Background: Prognosis following a diagnosis of primary lung cancer is very poor and varies significantly even after adjusting for known predictors. Inherent and acquired gene alterations could cause failure in lung cancer treatment and patient survival. To search for potential molecular markers with significant and independent predictive value in lung cancer survival, we applied oligo-nucleotide microarray analysis, along with patients' phenotypic profile, in a case-control study. The focus of this report is on the methodology used in the identification of potential genes as prognostic factors.
Methods: Selected from 304 patients at Mayo Clinic, 18 stage I squamous cell lung cancer patients who died within 2 years (high-aggressive) or lived beyond 5 years (low-aggressive) were included in this study. Both a one-to-one matched design (paired) and a two-group design (grouped) were utilized. Matching variables were age, gender, tumor size and grade, smoking status, and treatment. Two-GeneChip-array sets from Affymetrix (HG-U133) were used. We applied multiple analytic approaches including Dchip (Harvard University), SAM (Stanford University), ArrayTools (US National Cancer Institute), and MAS5 (Affymetrix); and integrated multiple results to generate the final candidate genes for further investigation. We evaluated the consistency across the methods and the effects of matched versus grouped design on the results.

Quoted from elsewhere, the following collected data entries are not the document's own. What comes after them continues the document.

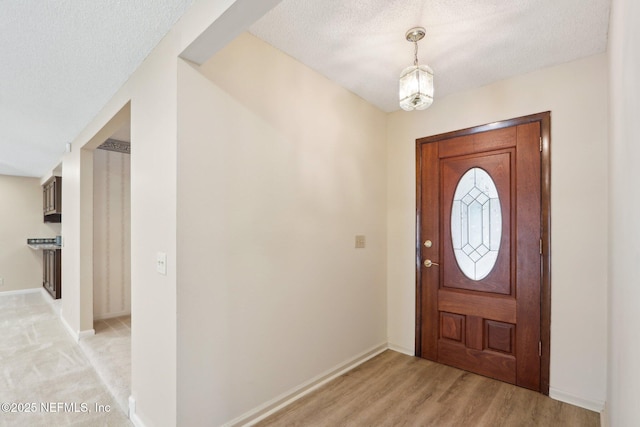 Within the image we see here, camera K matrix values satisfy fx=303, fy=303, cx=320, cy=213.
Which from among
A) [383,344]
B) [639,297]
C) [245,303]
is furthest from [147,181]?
[383,344]

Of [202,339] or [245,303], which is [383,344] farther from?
[202,339]

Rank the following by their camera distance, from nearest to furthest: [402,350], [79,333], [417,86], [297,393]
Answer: [417,86]
[297,393]
[402,350]
[79,333]

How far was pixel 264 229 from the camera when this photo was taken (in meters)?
2.10

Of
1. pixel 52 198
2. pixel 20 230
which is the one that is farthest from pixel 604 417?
pixel 20 230

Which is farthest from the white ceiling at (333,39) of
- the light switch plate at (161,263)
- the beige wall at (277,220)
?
the light switch plate at (161,263)

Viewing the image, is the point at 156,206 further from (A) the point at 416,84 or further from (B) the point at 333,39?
(A) the point at 416,84

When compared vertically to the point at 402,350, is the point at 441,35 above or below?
above

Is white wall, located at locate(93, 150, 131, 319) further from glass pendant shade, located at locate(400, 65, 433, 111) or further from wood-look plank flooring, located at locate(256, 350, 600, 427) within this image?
glass pendant shade, located at locate(400, 65, 433, 111)

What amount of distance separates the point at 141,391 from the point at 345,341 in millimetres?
1594

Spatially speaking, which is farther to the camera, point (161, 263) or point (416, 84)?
point (416, 84)

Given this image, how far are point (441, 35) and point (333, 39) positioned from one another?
0.72 m

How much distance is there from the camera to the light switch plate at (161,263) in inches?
67.5

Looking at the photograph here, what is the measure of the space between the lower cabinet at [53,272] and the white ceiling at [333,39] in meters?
3.43

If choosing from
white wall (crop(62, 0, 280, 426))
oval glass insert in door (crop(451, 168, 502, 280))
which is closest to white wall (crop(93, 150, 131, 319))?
white wall (crop(62, 0, 280, 426)) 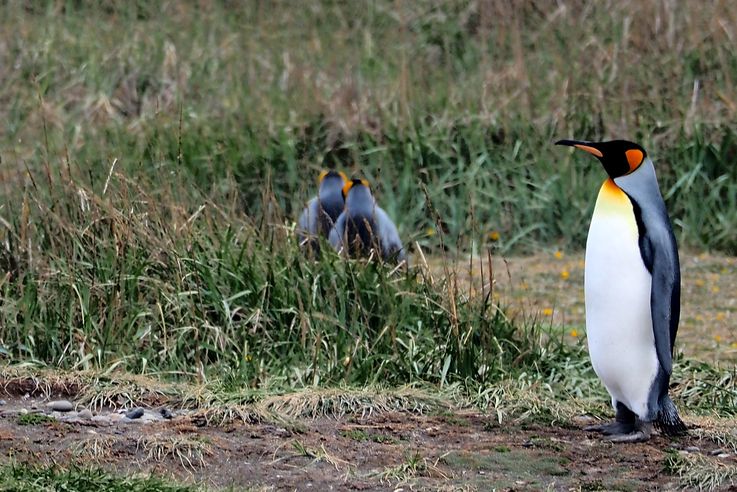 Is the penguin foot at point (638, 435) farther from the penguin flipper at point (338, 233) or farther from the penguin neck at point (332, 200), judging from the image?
the penguin neck at point (332, 200)

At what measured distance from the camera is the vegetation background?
5695 mm

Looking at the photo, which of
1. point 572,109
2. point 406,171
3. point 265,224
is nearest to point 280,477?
point 265,224

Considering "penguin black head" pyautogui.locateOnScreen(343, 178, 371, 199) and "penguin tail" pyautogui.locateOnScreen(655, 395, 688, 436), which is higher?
"penguin black head" pyautogui.locateOnScreen(343, 178, 371, 199)

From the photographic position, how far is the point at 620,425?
4.90 m

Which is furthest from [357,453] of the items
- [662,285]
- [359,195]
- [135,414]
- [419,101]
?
[419,101]

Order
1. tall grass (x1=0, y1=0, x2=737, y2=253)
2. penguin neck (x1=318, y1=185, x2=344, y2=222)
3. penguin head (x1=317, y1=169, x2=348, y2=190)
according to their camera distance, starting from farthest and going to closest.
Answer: tall grass (x1=0, y1=0, x2=737, y2=253) < penguin head (x1=317, y1=169, x2=348, y2=190) < penguin neck (x1=318, y1=185, x2=344, y2=222)

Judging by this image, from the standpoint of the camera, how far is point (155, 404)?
16.7 ft

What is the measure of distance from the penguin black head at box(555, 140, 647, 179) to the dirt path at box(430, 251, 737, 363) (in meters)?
1.32

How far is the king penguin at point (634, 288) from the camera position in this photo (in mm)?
4789

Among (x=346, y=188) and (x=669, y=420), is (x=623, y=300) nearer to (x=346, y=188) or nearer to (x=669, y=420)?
(x=669, y=420)

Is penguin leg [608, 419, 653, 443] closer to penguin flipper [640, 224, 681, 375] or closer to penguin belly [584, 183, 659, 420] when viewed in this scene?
penguin belly [584, 183, 659, 420]

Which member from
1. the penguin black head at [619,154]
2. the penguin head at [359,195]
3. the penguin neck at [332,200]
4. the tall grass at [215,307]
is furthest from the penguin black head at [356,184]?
the penguin black head at [619,154]

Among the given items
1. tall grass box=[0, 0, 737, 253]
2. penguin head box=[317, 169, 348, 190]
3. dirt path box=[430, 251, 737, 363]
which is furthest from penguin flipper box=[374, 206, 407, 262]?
tall grass box=[0, 0, 737, 253]

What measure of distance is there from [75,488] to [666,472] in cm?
195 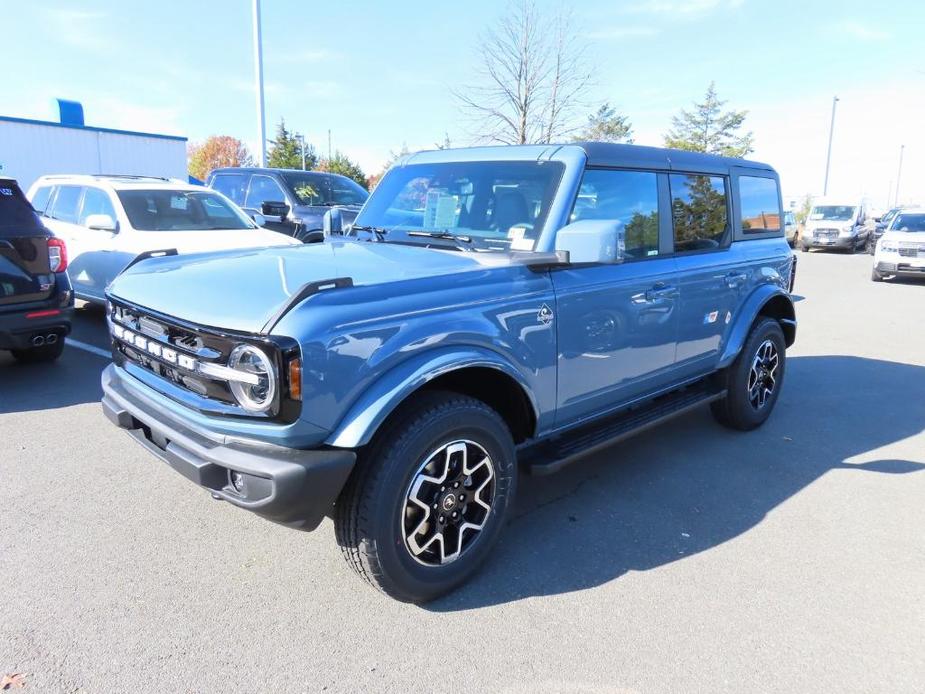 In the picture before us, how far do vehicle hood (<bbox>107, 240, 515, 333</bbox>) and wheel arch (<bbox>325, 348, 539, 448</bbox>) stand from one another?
1.27 feet

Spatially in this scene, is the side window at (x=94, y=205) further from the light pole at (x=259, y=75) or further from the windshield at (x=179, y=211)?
the light pole at (x=259, y=75)

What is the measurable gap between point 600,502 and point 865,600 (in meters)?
1.36

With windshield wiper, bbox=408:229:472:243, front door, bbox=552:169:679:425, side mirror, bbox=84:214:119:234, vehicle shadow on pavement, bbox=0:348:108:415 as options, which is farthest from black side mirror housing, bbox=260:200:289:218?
front door, bbox=552:169:679:425

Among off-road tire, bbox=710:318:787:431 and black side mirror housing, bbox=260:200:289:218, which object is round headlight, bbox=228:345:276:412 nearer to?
off-road tire, bbox=710:318:787:431

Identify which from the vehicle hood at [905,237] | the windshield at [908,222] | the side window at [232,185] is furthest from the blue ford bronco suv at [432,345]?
the windshield at [908,222]

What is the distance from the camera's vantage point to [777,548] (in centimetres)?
331

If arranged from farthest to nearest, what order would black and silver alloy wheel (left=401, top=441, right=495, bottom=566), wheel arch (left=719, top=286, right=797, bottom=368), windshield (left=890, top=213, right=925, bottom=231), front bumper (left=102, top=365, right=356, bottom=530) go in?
windshield (left=890, top=213, right=925, bottom=231)
wheel arch (left=719, top=286, right=797, bottom=368)
black and silver alloy wheel (left=401, top=441, right=495, bottom=566)
front bumper (left=102, top=365, right=356, bottom=530)

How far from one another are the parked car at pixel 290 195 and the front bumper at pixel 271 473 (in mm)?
7672

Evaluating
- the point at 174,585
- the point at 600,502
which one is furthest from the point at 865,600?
the point at 174,585

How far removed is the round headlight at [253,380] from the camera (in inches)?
90.3

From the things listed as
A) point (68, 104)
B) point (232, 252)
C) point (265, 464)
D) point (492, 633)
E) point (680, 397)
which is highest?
point (68, 104)

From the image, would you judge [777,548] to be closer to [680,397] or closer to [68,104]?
[680,397]

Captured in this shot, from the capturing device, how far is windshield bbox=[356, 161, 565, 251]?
3.33m

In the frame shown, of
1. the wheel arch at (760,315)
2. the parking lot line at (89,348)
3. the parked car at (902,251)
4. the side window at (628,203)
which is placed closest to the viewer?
the side window at (628,203) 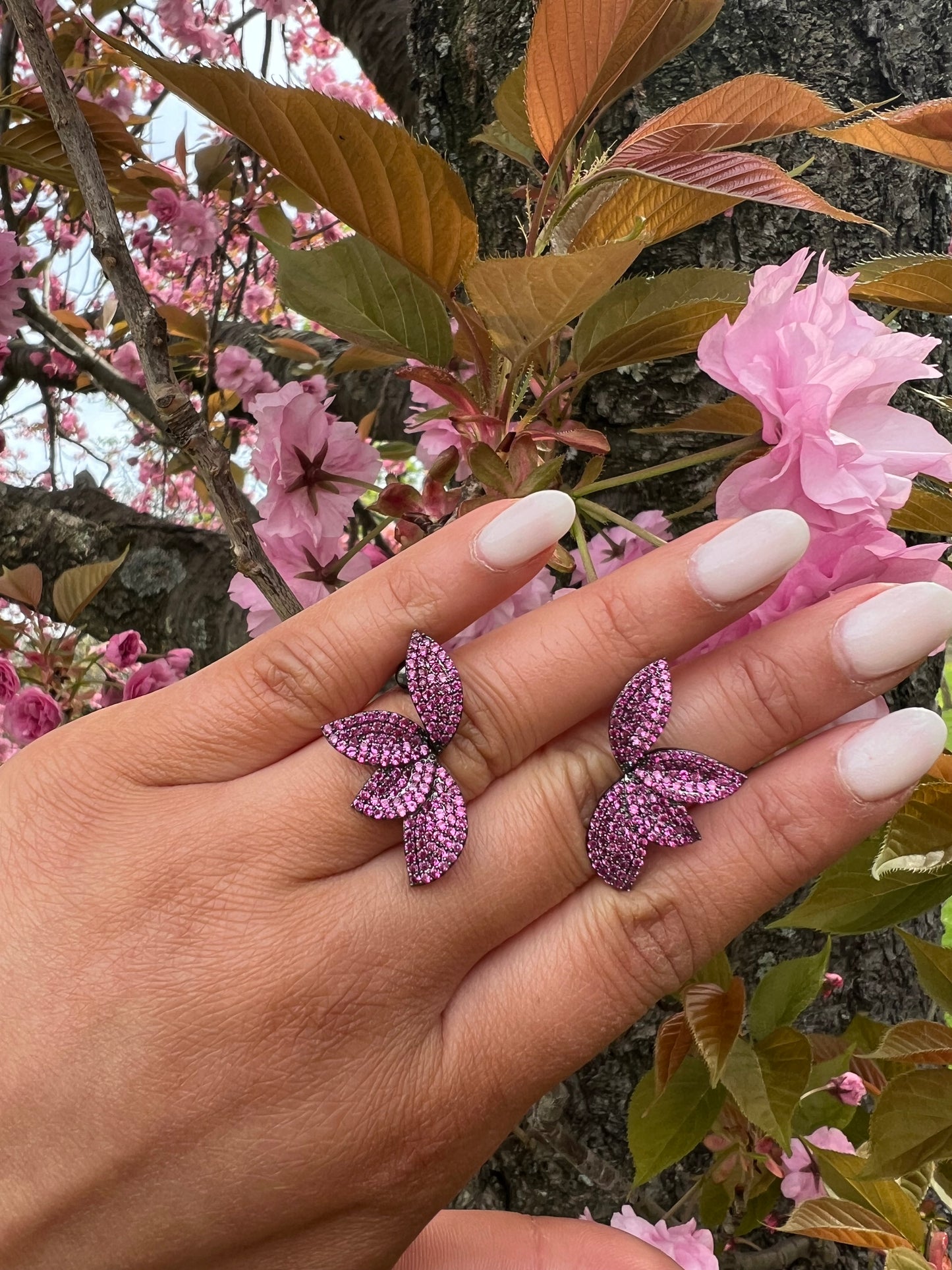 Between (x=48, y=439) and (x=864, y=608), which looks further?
(x=48, y=439)

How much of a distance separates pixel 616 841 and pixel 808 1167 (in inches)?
27.9

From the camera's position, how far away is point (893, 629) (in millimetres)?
501

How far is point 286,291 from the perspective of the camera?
0.62 metres

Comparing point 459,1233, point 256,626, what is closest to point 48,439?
point 256,626

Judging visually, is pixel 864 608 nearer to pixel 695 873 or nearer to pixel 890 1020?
pixel 695 873

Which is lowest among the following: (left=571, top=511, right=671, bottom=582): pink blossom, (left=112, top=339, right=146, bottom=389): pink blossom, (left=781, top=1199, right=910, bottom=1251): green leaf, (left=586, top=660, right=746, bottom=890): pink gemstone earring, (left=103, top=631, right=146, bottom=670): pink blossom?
(left=781, top=1199, right=910, bottom=1251): green leaf

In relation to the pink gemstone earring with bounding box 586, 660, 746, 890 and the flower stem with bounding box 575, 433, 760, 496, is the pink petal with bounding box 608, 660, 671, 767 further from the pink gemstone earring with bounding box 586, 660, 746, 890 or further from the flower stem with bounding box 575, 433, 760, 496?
the flower stem with bounding box 575, 433, 760, 496

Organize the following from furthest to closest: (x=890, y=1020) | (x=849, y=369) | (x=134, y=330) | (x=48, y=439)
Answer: (x=48, y=439)
(x=890, y=1020)
(x=134, y=330)
(x=849, y=369)

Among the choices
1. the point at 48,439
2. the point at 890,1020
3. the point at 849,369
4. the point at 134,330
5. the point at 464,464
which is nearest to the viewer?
the point at 849,369

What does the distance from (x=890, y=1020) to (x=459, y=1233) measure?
731 millimetres

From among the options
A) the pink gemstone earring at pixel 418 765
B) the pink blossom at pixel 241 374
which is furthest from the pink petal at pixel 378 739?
the pink blossom at pixel 241 374

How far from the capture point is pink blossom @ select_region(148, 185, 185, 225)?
64.1 inches

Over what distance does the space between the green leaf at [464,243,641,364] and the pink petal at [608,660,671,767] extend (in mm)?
210

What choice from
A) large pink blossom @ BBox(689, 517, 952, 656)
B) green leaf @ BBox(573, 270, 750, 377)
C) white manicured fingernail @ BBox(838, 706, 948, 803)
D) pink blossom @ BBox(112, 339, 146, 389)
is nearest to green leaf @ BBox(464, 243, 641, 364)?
green leaf @ BBox(573, 270, 750, 377) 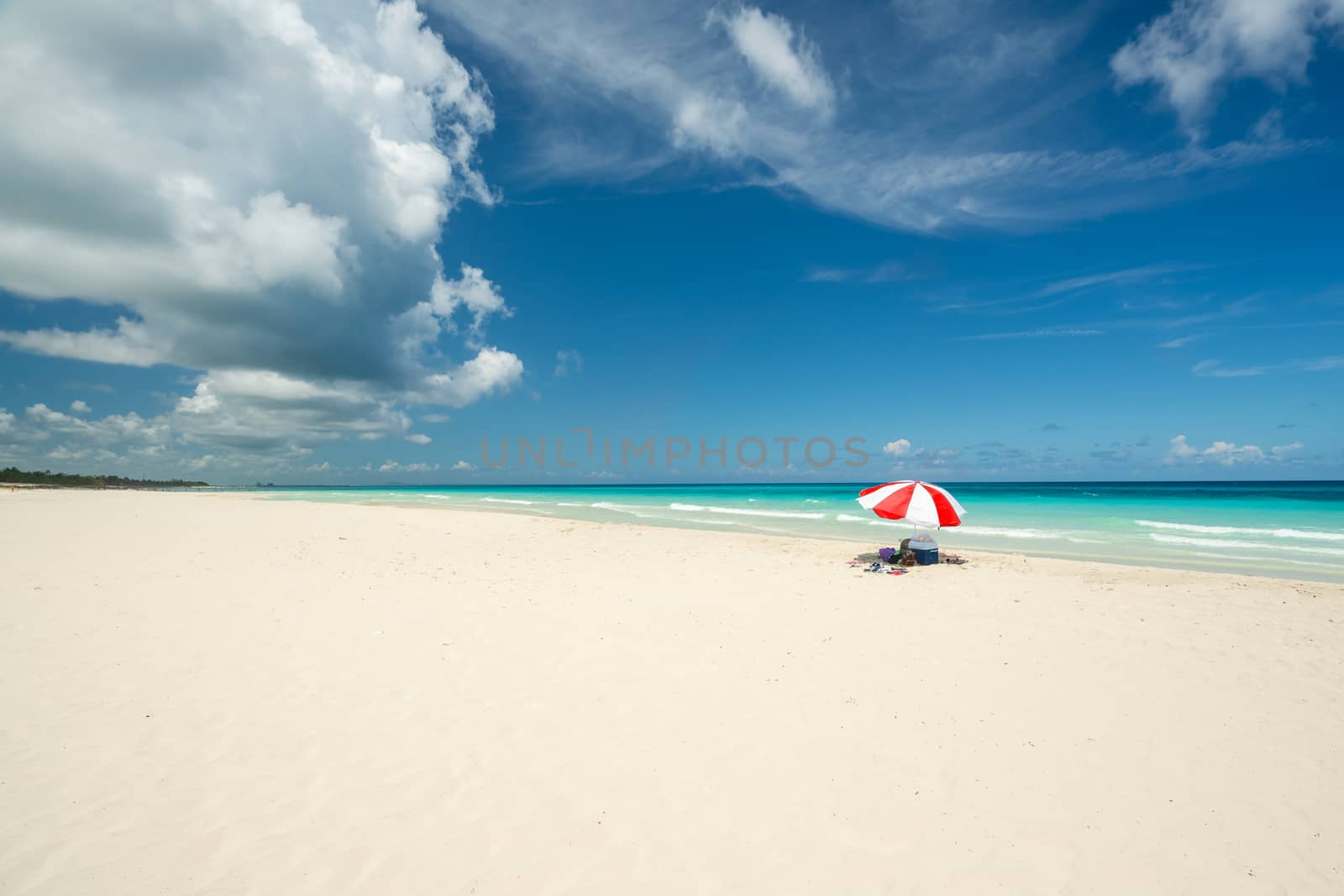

Results: Using the same pre-processed data under the same criteria for type I error and fold-change in expression intensity, results are 94-100% concordant in the list of significant genes by Dchip and by ArrayTools, and 53% concordant between the paired and the grouped analysis. If using differently pre-processed data, the concordance rate is under 6% even by the same analytic tool. Combining results from all analyses, we found 23 potentially important genes that may distinguish the high- versus low-aggressive squamous cell tumors of the lung.
Conclusion: Given the generally low consistency of results across analytic algorithms and study design, poor agreement is expected from different investigators reporting candidate genes for the same endpoint. A well-designed study with a carefully planned analytic strategy is critical. We are in the process of validating the 23 preliminary candidate genes found from this study among independent yet comparable cases.